Problem statement: What you return should be every line below, word for word, and none of the images.
__________________________________________________
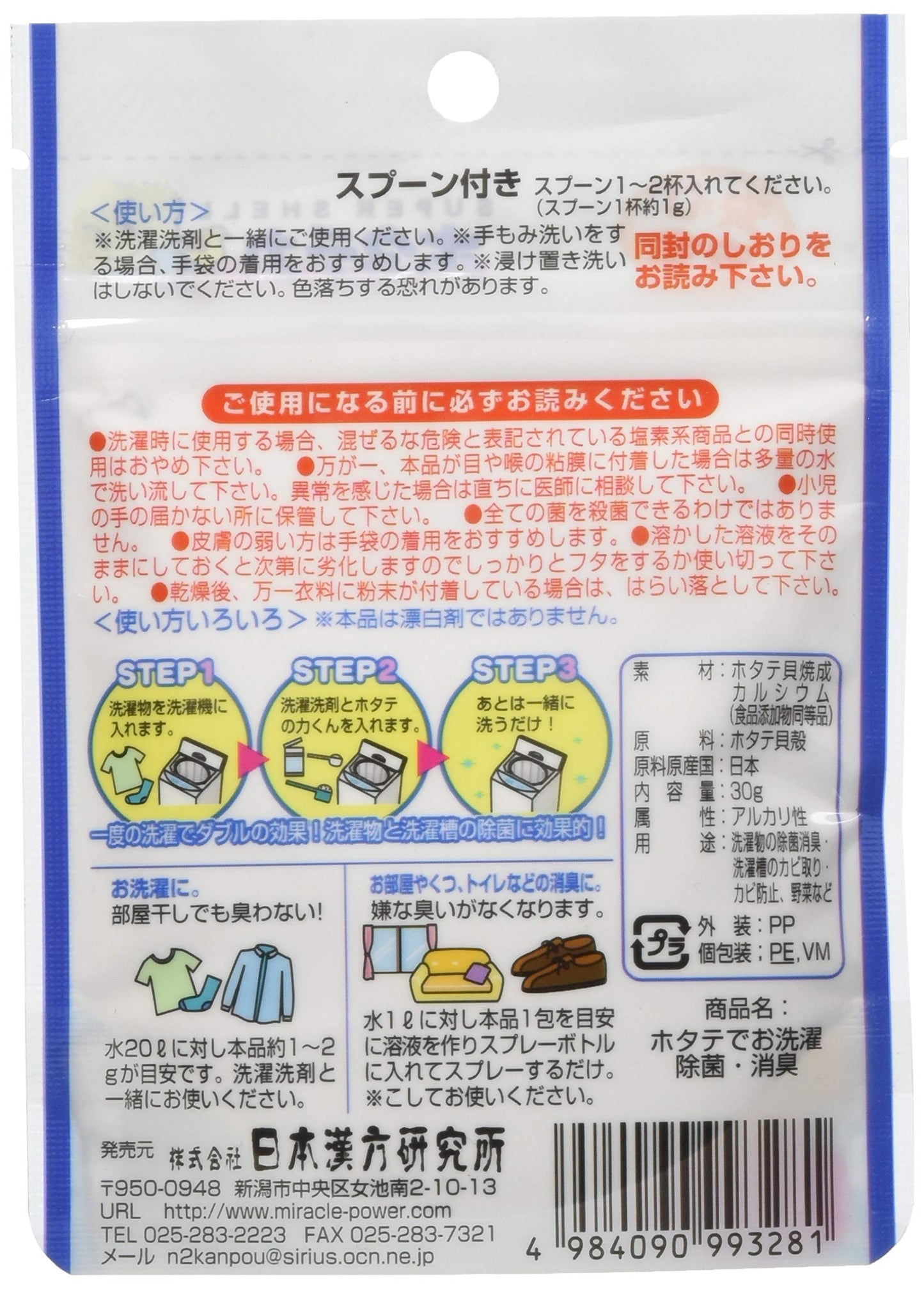 【まとめ買い】ホタテの力くん　お洗濯　除菌・消臭３０Ｇ 容量30G×8点セット 日本漢方研究所 衣料用洗剤・自然派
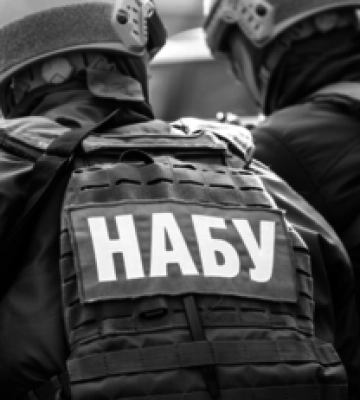 НАБУ проводить обшуки у Харківській ОВА: що відомо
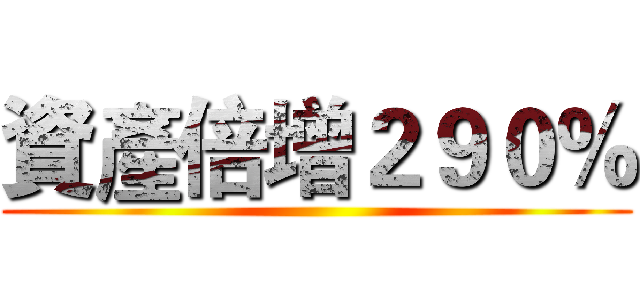 資產倍增２９０％ ()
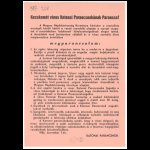 roplap1956_0308.jpg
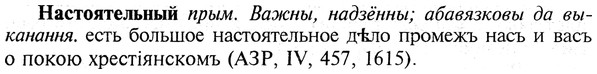 img/19/19-313_1620_Настоятельный.jpg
__________________________________________________
Reply:
 【まとめ買い】ホタテの力くん　お洗濯　除菌・消臭３０Ｇ 容量30G×8点セット 日本漢方研究所 衣料用洗剤・自然派
 НАБУ проводить обшуки у Харківській ОВА: що відомо
 資產倍增２９０％ ()
 roplap1956_0308.jpg
 img/19/19-313_1620_Настоятельный.jpg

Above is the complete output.